La loi n° 77-93 du 10 août 1977 autorise le Président de la République du Sénégal à ratifier l'Accord de non-agression et d'assistance en matière de défense signé à Abidjan le 9 juin 1977 entre les États membres de la Communauté économique de l'Afrique de l'Ouest (C.E.A.O.) et le Togo. Cet accord vise à renforcer la sécurité collective en évitant le recours à la force pour régler les différends entre les parties et en instaurant une entraide en cas d'agression extérieure.

Points clés

  • L'accord n'est pas un pacte de défense mais un engagement à régler les conflits par le dialogue et à s'entraider en cas d'agression.
  • Les Chefs d'État et de Gouvernement se réunissent annuellement pour traiter des questions de défense, alternativement dans chaque pays membre.
  • Un Conseil ministériel est chargé d'élaborer les mesures de défense, soumises à l'approbation de la Conférence des Chefs d'État.
  • Un Secrétariat permanent, basé à Abidjan, est créé pour administrer et suivre les décisions, avec un Secrétaire général nommé pour trois ans.
  • L'accord entre en vigueur après ratification par les sept États signataires et peut être dénoncé avec un préavis d'un an.
  • L'Assemblée nationale sénégalaise a adopté le projet de loi 71/77 lors de sa séance du 28 juillet 1977.

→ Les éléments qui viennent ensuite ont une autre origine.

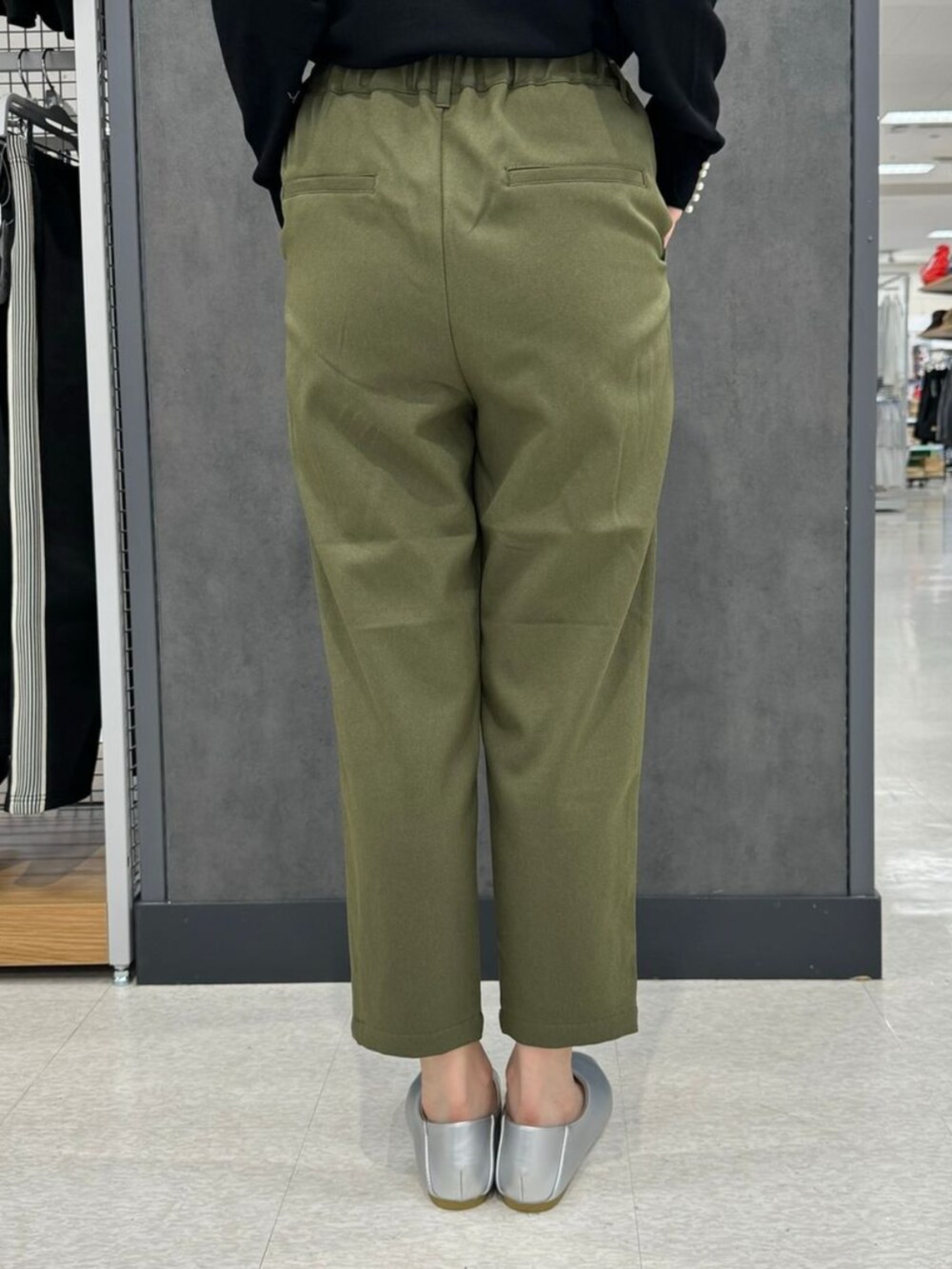 ブラック系のニット/セーター、グリーン系のその他パンツ、グレー系のパンプスを着用したレディースの秋コーディネートの3枚目の写真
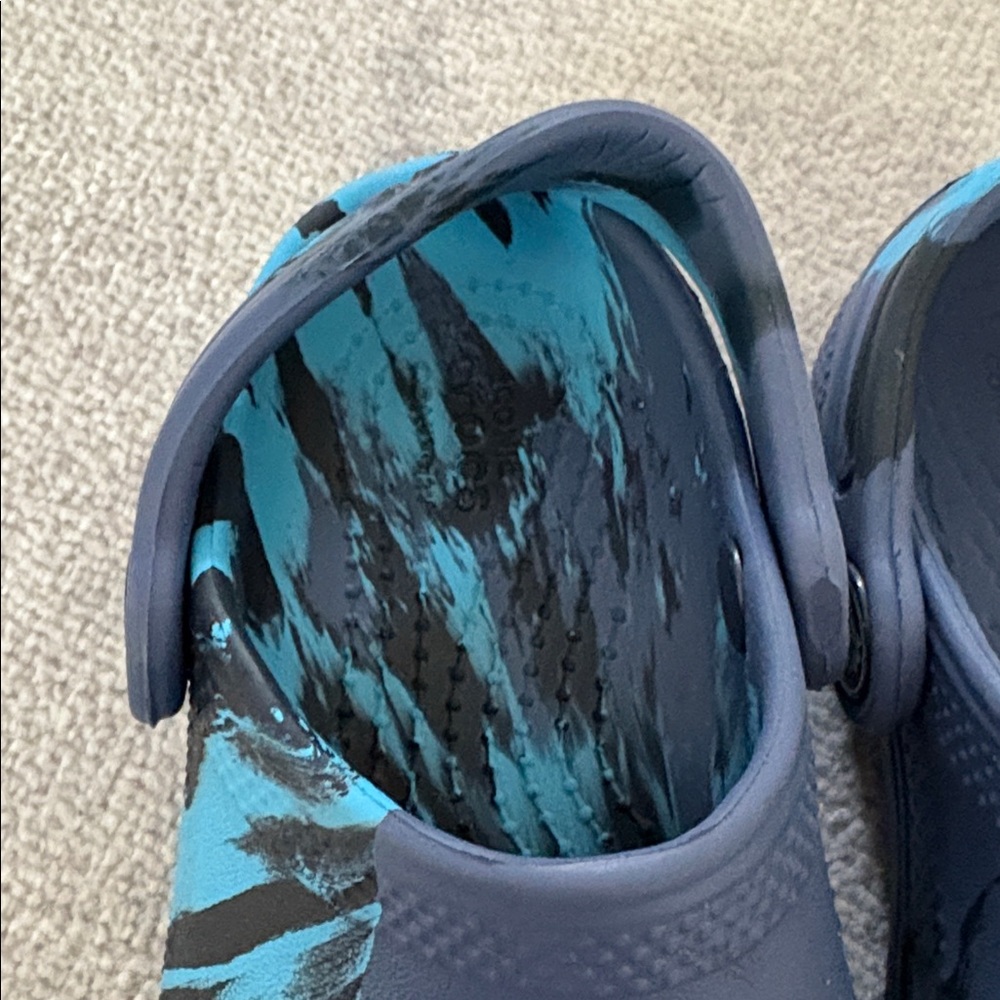 CROCS Kids Blue and Black marble size 9 - Picture 11 of 12
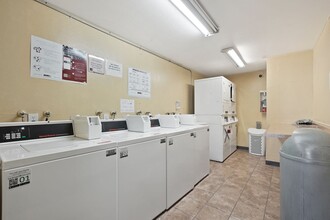 13266 Foothill Blvd in Los Angeles, CA - Building Photo - Building Photo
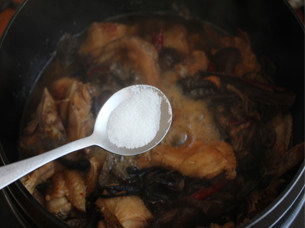 海陆一家亲——蛤蜊炖鸡 ,炖20分钟左右，放入适量盐，然后炖至汤汁差不多收干。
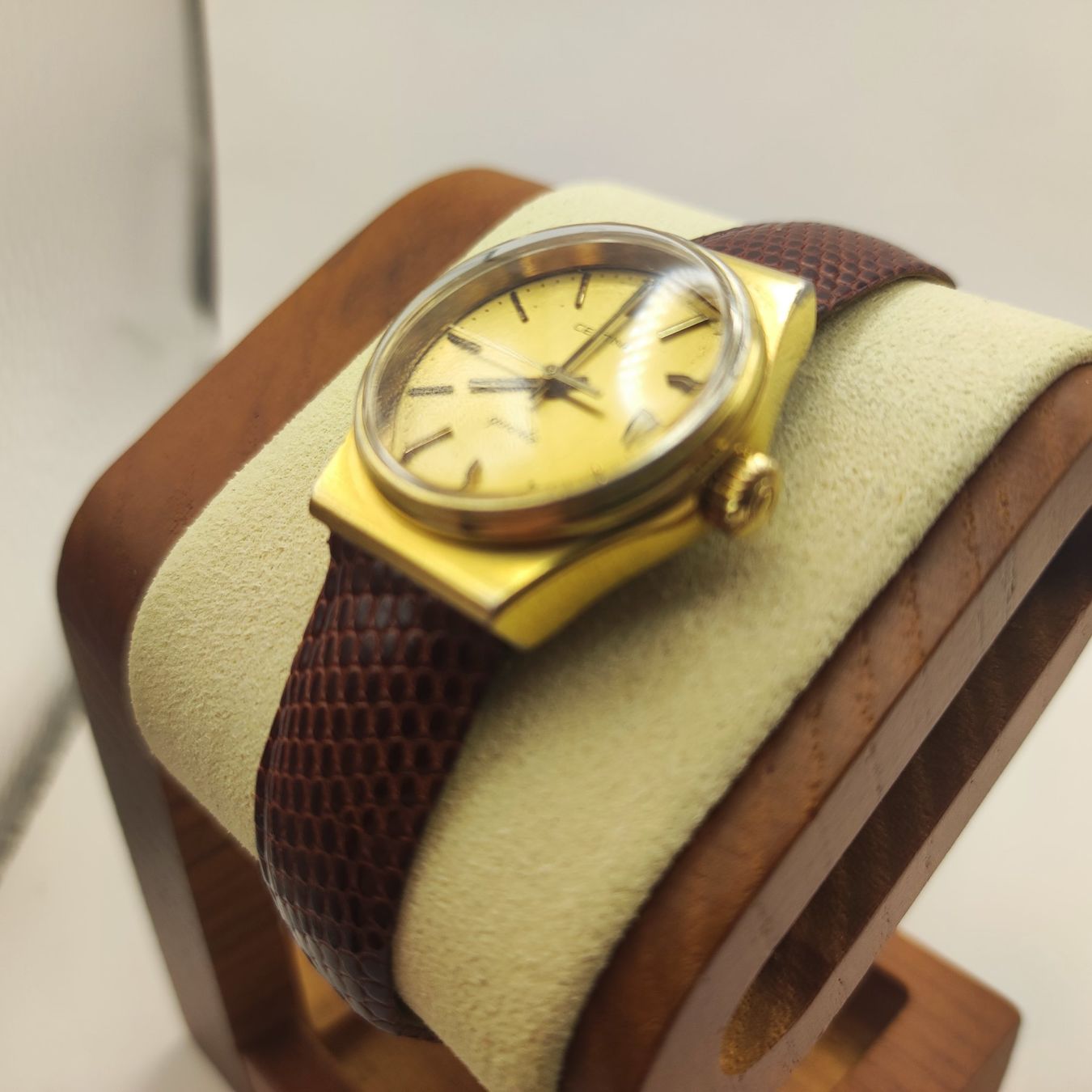 Certina Orologi: Certina Damenuhr – Usato da Ballwil venduto da eldave 1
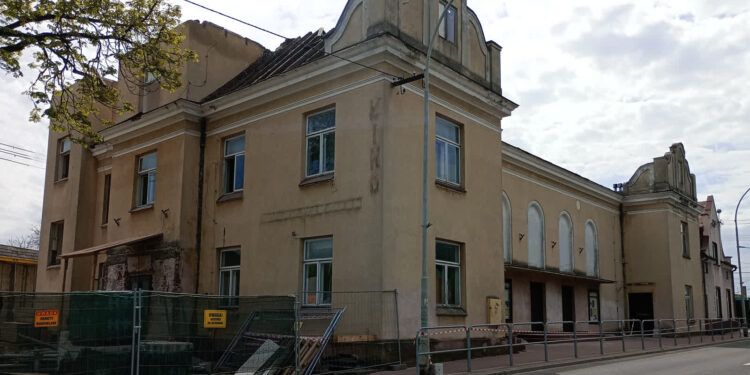 Rudnik nad Sanem: Trwa modernizacja zabytkowej siedziby Miejskiego Ośrodka Kultury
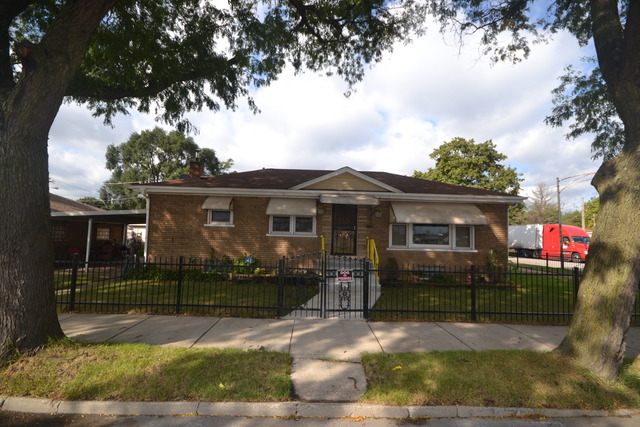 51 E 124th Pl, Chicago, IL 60628 photo 1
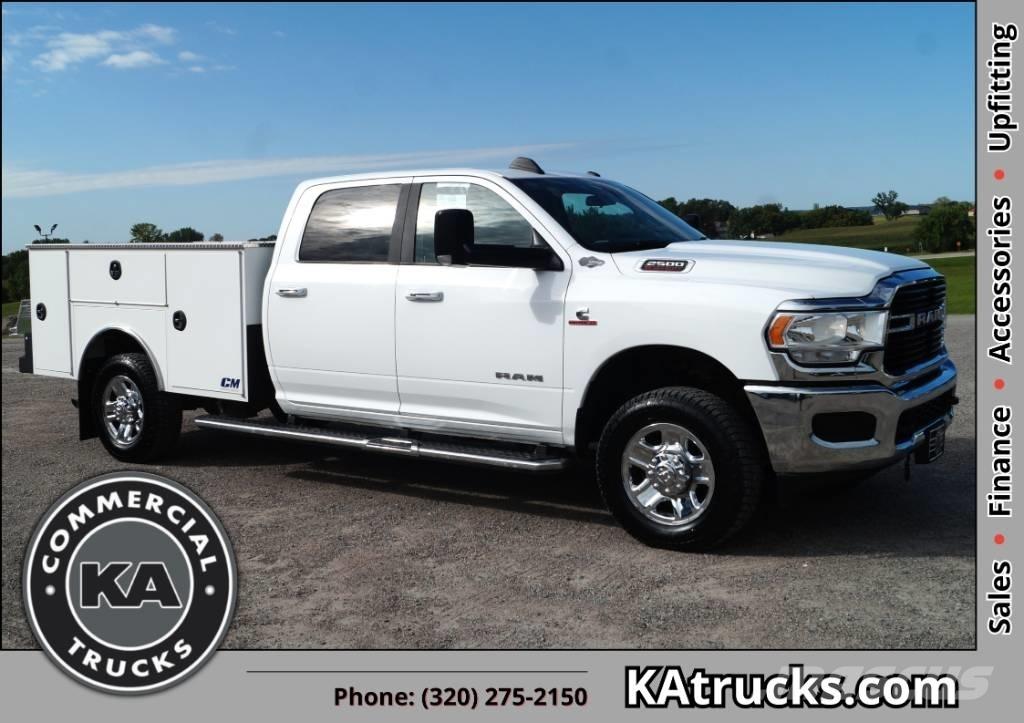 RAM 2500 Big Horn Пікапи / Бічне розвантаження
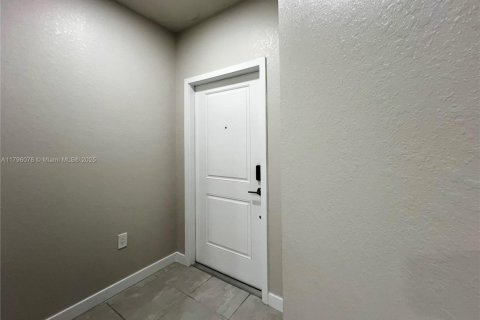 Townhouse in Florida City, Florida 3 bedrooms, 132.39 sq.m. № 1697509 - photo 4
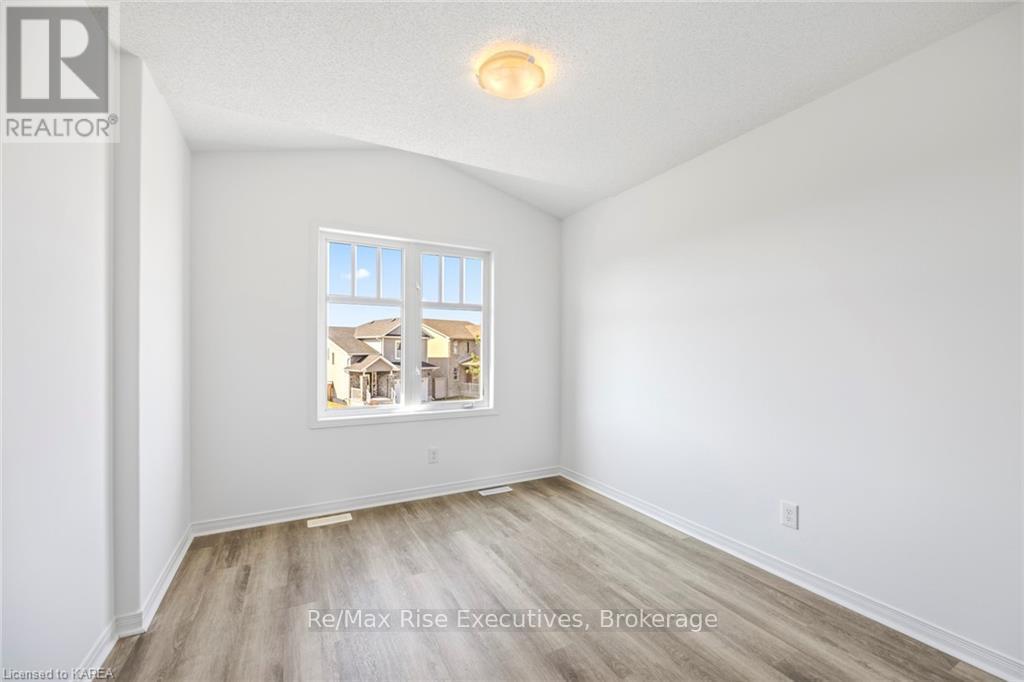 1653 CRIMSON CRESCENT - 28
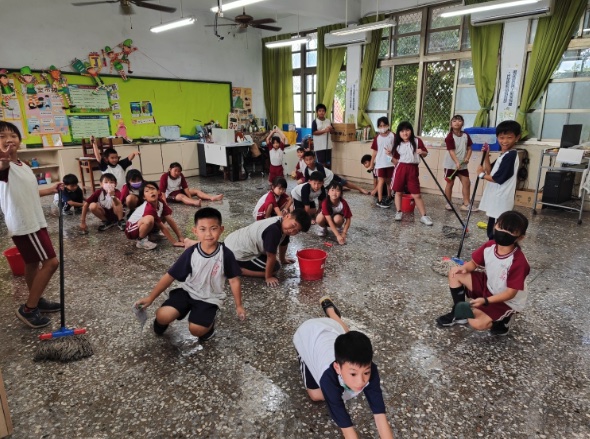 Cleaning — Hosin Elementary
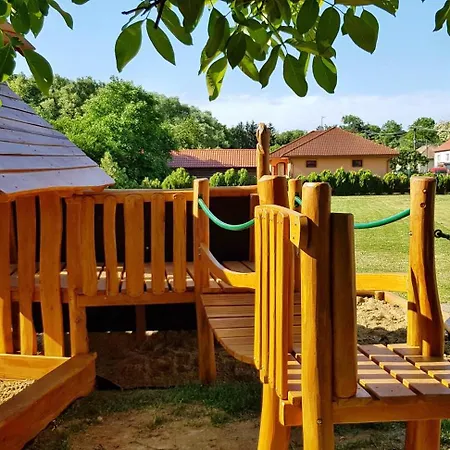 Liska Apartmán *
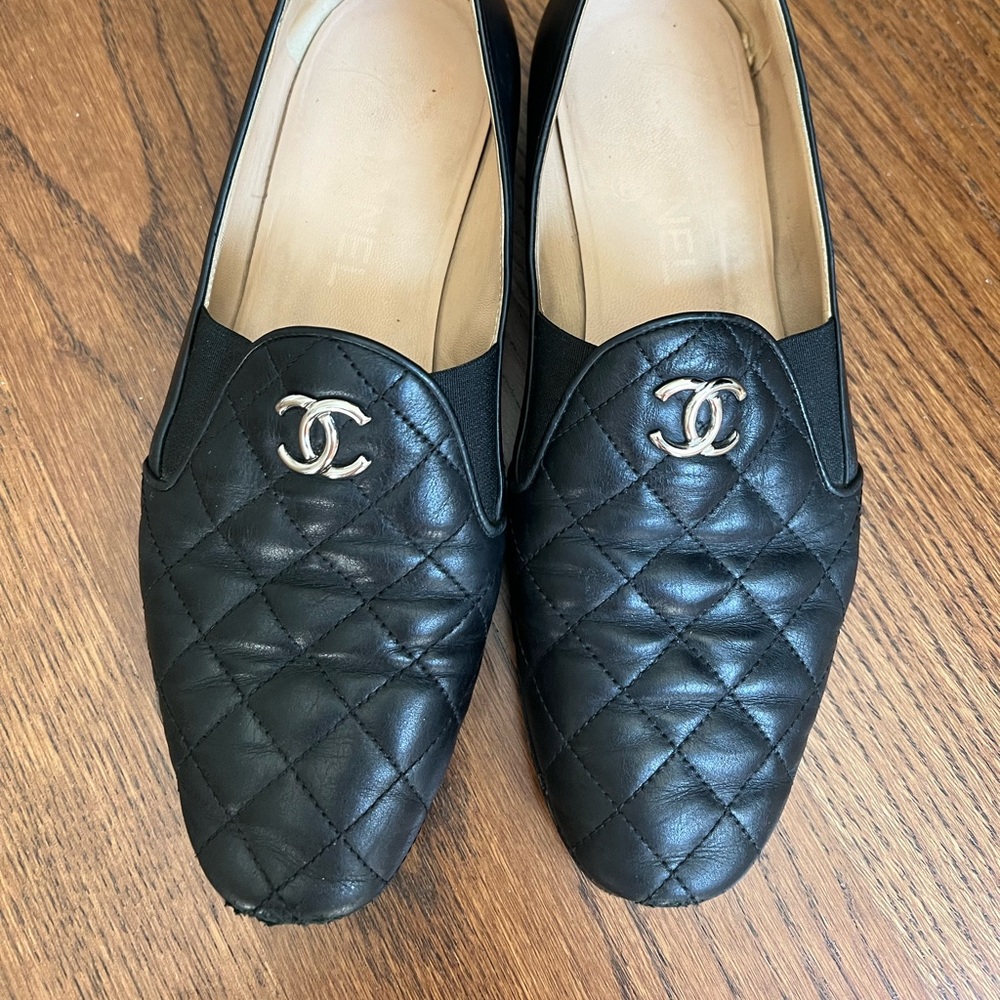 Chanel 38 black quilted loafer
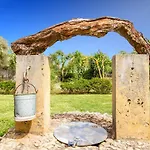 Roig Villa
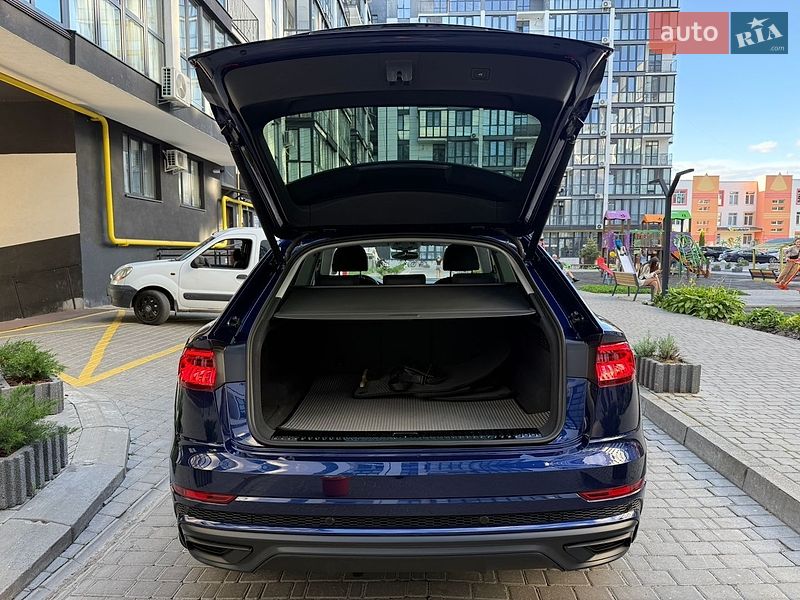 Позашляховик / Кросовер Audi Q8 2019 в Вінниці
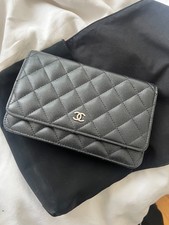 Portafoglio Chanel su catena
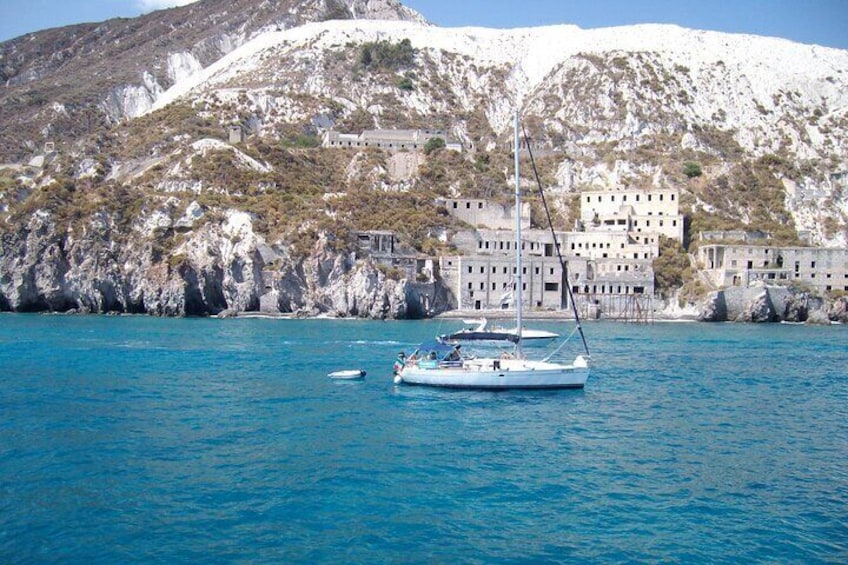 Full day boat tour to Lipari and Vulcano from Milazzo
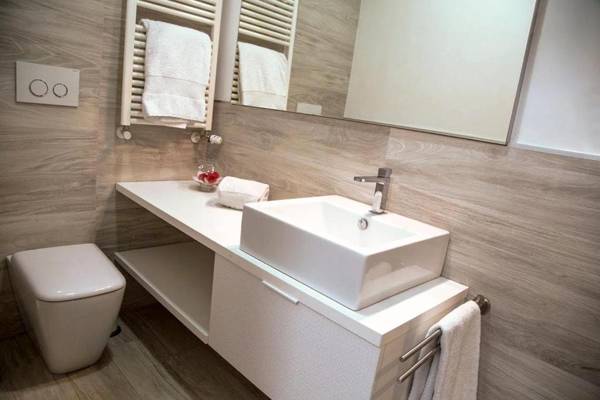 CHEZROMYK the Kosher B&B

Détails et éléments notables

  • Références juridiques :
    • Loi n° 77-93 du 10 août 1977.
    • Projet de loi 71/77.
    • Accord signé à Abidjan le 9 juin 1977.
  • Acteurs et institutions :
    • Président de la République du Sénégal : Léopold Sédar Senghor.
    • Assemblée nationale du Sénégal (IVe législature, deuxième session extraordinaire de 1977).
    • Commission des Affaires Étrangères, de la Législation et de la Défense de l'Assemblée nationale.
    • États membres de la C.E.A.O. et le Togo.
    • Secrétariat permanent de l'accord (siège à Abidjan).
  • Dispositions de l'accord :
    • Interdiction du recours à la force entre les parties (Article 1).
    • Création d'un Secrétariat permanent (Article 2).
    • Réunions annuelles des Chefs d'État et de Gouvernement (Article 1).
    • Rôle du Conseil ministériel dans l'élaboration et l'application des mesures de défense (Articles 1, 3 et 4).
    • Modalités d'adhésion pour les États non membres (Article 7).
    • Entrée en vigueur après ratification par les sept signataires (Article 8).
  • Contexte et motivations :
    • Menaces extérieures pesant sur les États africains et nécessité de sécurité pour le développement économique et social.
    • Volonté de coopération basée sur l'égalité et le respect mutuel.